OK, it’s over now, right?
The political ads are done. The polls opened. The polls closed. The ballots were cast. The early and absentee ballots came into election offices and through the mail. It’s all done but the final counting and certification, right?
Oh, if only that were true.
We might have reached the point where elections are like football. The primaries are preseason. The moment you have your nominees set in stone kicks off the actual election season.
And Election Day isn’t the end. It’s the beginning of the postseason.
In football, that means playoffs leading up to a championship game and a winner decided by a final score. In politics, it means a different kind of playoff: the seemingly never-ending legal challenges.
But that can’t happen this time, you say. All of the battles were ended days earlier, with the Pennsylvania Supreme Court ending questions about whether undated ballots could be counted.
That was a big stumbling block after many counties came to different decisions, meaning a mail-in ballot might be counted in Pittsburgh but not in Greensburg. That precise scenario held up the 2021 installation of state Sen. Jim Brewster in the 45th district and set up Republican Nicole Ziccarelli to become Westmoreland County district attorney.
The problem with the court ruling is it isn’t being seen as a referee making a call on whether the ballots are out of bounds. It is just signaling the end of one play and moving the chains to the next problem.
The new challenge? Whether voters should be allowed to “cure” their ballot.
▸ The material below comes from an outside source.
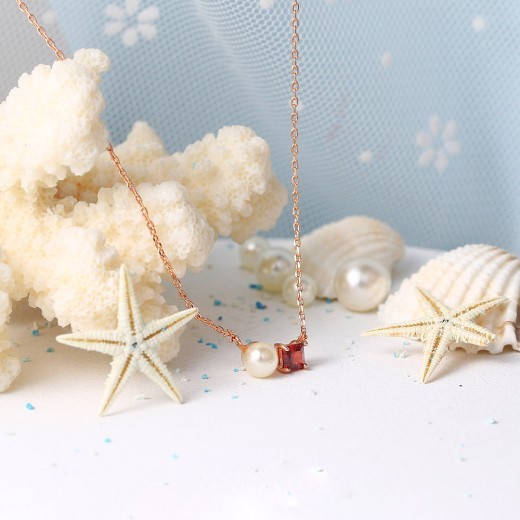 Women's natural pearl garnet rose gold jewelry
That’s a very specific word choice, meaning to correct the problem. Let’s avoid saying “fix,” which could have a very different, shadier meaning and lead to the all-but-inevitable allegations of election fraud.
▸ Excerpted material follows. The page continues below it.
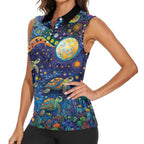 Underwater Turtles Starry Night Sky Women Sleeveless Polo Shirt Aboriginal Dot Painting Full Moon Coral Landscape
Once again, this is becoming a county-by- county issue. In Allegheny, votes won’t be counted unless cured. A list of the more than 1,000 voters whose ballots are in danger of being tossed out is posted on the county website. In Westmoreland, no cure was offered other than submitting a provisional ballot at the poll. Voters aren’t being told if they made a critical error that would leave their ballot unrecorded.
The problem is that elections are more important than a football game. A vote matters more than a field goal. Every citizen should have his or her say, and the rules shouldn’t be different in one city or county than another.